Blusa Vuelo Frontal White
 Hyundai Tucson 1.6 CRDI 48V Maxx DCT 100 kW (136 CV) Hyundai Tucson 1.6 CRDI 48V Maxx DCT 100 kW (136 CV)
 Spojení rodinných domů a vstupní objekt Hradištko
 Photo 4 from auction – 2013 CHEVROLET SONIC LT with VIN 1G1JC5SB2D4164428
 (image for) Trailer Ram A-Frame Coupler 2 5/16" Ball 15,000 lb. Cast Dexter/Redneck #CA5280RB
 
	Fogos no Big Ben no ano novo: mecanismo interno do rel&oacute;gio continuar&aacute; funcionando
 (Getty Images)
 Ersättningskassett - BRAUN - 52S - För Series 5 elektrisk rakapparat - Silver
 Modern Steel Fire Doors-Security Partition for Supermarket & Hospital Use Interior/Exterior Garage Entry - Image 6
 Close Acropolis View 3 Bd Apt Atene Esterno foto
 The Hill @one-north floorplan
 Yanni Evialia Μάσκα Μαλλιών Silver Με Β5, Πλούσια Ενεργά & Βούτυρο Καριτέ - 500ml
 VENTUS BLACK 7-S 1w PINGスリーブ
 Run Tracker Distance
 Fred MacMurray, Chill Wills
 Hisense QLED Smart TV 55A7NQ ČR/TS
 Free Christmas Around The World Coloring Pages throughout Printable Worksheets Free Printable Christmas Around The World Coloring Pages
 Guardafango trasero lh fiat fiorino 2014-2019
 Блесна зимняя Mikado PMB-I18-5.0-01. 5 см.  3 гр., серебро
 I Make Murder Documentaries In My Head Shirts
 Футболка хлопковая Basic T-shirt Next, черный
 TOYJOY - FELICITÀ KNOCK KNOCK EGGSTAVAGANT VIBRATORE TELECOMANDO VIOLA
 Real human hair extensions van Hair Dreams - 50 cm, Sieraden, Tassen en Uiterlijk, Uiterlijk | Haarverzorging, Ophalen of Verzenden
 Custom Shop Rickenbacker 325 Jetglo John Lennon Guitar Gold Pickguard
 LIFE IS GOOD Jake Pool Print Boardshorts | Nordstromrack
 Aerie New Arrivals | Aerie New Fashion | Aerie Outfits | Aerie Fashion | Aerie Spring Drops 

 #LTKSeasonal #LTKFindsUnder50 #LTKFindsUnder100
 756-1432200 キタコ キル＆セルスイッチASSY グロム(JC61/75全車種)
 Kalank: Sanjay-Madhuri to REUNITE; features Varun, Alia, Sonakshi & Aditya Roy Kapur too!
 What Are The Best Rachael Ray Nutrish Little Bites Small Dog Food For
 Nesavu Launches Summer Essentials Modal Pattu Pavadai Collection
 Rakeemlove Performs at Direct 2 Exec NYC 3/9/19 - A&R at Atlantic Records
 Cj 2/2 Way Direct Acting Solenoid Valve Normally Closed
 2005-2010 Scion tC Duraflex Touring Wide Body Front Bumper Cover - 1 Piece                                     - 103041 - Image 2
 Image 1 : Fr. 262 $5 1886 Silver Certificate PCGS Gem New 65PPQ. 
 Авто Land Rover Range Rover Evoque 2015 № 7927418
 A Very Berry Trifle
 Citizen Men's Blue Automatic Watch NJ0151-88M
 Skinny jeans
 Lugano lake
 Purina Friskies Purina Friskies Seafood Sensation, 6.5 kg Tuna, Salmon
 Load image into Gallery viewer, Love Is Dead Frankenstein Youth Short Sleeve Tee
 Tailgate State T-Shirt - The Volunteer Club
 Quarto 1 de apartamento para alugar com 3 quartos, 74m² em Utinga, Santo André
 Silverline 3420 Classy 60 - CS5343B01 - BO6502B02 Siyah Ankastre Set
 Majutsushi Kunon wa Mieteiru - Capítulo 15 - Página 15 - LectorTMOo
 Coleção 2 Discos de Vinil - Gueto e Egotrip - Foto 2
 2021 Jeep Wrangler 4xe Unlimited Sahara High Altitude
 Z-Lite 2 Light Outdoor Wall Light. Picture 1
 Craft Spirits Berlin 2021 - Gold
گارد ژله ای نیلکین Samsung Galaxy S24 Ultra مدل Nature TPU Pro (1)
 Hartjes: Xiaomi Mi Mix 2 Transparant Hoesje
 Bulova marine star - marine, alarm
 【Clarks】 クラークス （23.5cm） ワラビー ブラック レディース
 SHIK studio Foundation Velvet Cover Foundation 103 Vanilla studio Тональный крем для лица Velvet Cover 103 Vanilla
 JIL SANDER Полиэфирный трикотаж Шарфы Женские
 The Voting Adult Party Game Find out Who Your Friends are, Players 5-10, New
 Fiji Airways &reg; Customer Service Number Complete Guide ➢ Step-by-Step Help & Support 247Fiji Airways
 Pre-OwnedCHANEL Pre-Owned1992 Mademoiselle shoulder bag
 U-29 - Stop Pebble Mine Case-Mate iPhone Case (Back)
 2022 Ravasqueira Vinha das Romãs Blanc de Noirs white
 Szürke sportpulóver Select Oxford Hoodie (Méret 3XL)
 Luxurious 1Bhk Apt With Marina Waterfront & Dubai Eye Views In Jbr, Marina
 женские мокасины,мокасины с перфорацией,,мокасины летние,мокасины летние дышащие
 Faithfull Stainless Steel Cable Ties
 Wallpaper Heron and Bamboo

------------------------------------------------

TO DO: Type out each entry above again, exactly.

RESPONSE BELOW:
Blusa Vuelo Frontal White
 Hyundai Tucson 1.6 CRDI 48V Maxx DCT 100 kW (136 CV) Hyundai Tucson 1.6 CRDI 48V Maxx DCT 100 kW (136 CV)
 Spojení rodinných domů a vstupní objekt Hradištko
 Photo 4 from auction – 2013 CHEVROLET SONIC LT with VIN 1G1JC5SB2D4164428
 (image for) Trailer Ram A-Frame Coupler 2 5/16" Ball 15,000 lb. Cast Dexter/Redneck #CA5280RB
 
	Fogos no Big Ben no ano novo: mecanismo interno do rel&oacute;gio continuar&aacute; funcionando
 (Getty Images)
 Ersättningskassett - BRAUN - 52S - För Series 5 elektrisk rakapparat - Silver
 Modern Steel Fire Doors-Security Partition for Supermarket & Hospital Use Interior/Exterior Garage Entry - Image 6
 Close Acropolis View 3 Bd Apt Atene Esterno foto
 The Hill @one-north floorplan
 Yanni Evialia Μάσκα Μαλλιών Silver Με Β5, Πλούσια Ενεργά & Βούτυρο Καριτέ - 500ml
 VENTUS BLACK 7-S 1w PINGスリーブ
 Run Tracker Distance
 Fred MacMurray, Chill Wills
 Hisense QLED Smart TV 55A7NQ ČR/TS
 Free Christmas Around The World Coloring Pages throughout Printable Worksheets Free Printable Christmas Around The World Coloring Pages
 Guardafango trasero lh fiat fiorino 2014-2019
 Блесна зимняя Mikado PMB-I18-5.0-01. 5 см.  3 гр., серебро
 I Make Murder Documentaries In My Head Shirts
 Футболка хлопковая Basic T-shirt Next, черный
 TOYJOY - FELICITÀ KNOCK KNOCK EGGSTAVAGANT VIBRATORE TELECOMANDO VIOLA
 Real human hair extensions van Hair Dreams - 50 cm, Sieraden, Tassen en Uiterlijk, Uiterlijk | Haarverzorging, Ophalen of Verzenden
 Custom Shop Rickenbacker 325 Jetglo John Lennon Guitar Gold Pickguard
 LIFE IS GOOD Jake Pool Print Boardshorts | Nordstromrack
 Aerie New Arrivals | Aerie New Fashion | Aerie Outfits | Aerie Fashion | Aerie Spring Drops 

 #LTKSeasonal #LTKFindsUnder50 #LTKFindsUnder100
 756-1432200 キタコ キル＆セルスイッチASSY グロム(JC61/75全車種)
 Kalank: Sanjay-Madhuri to REUNITE; features Varun, Alia, Sonakshi & Aditya Roy Kapur too!
 What Are The Best Rachael Ray Nutrish Little Bites Small Dog Food For
 Nesavu Launches Summer Essentials Modal Pattu Pavadai Collection
 Rakeemlove Performs at Direct 2 Exec NYC 3/9/19 - A&R at Atlantic Records
 Cj 2/2 Way Direct Acting Solenoid Valve Normally Closed
 2005-2010 Scion tC Duraflex Touring Wide Body Front Bumper Cover - 1 Piece                                     - 103041 - Image 2
 Image 1 : Fr. 262 $5 1886 Silver Certificate PCGS Gem New 65PPQ. 
 Авто Land Rover Range Rover Evoque 2015 № 7927418
 A Very Berry Trifle
 Citizen Men's Blue Automatic Watch NJ0151-88M
 Skinny jeans
 Lugano lake
 Purina Friskies Purina Friskies Seafood Sensation, 6.5 kg Tuna, Salmon
 Load image into Gallery viewer, Love Is Dead Frankenstein Youth Short Sleeve Tee
 Tailgate State T-Shirt - The Volunteer Club
 Quarto 1 de apartamento para alugar com 3 quartos, 74m² em Utinga, Santo André
 Silverline 3420 Classy 60 - CS5343B01 - BO6502B02 Siyah Ankastre Set
 Majutsushi Kunon wa Mieteiru - Capítulo 15 - Página 15 - LectorTMOo
 Coleção 2 Discos de Vinil - Gueto e Egotrip - Foto 2
 2021 Jeep Wrangler 4xe Unlimited Sahara High Altitude
 Z-Lite 2 Light Outdoor Wall Light. Picture 1
 Craft Spirits Berlin 2021 - Gold
گارد ژله ای نیلکین Samsung Galaxy S24 Ultra مدل Nature TPU Pro (1)
 Hartjes: Xiaomi Mi Mix 2 Transparant Hoesje
 Bulova marine star - marine, alarm
 【Clarks】 クラークス （23.5cm） ワラビー ブラック レディース
 SHIK studio Foundation Velvet Cover Foundation 103 Vanilla studio Тональный крем для лица Velvet Cover 103 Vanilla
 JIL SANDER Полиэфирный трикотаж Шарфы Женские
 The Voting Adult Party Game Find out Who Your Friends are, Players 5-10, New
 Fiji Airways &reg; Customer Service Number Complete Guide ➢ Step-by-Step Help & Support 247Fiji Airways
 Pre-OwnedCHANEL Pre-Owned1992 Mademoiselle shoulder bag
 U-29 - Stop Pebble Mine Case-Mate iPhone Case (Back)
 2022 Ravasqueira Vinha das Romãs Blanc de Noirs white
 Szürke sportpulóver Select Oxford Hoodie (Méret 3XL)
 Luxurious 1Bhk Apt With Marina Waterfront & Dubai Eye Views In Jbr, Marina
 женские мокасины,мокасины с перфорацией,,мокасины летние,мокасины летние дышащие
 Faithfull Stainless Steel Cable Ties
 Wallpaper Heron and Bamboo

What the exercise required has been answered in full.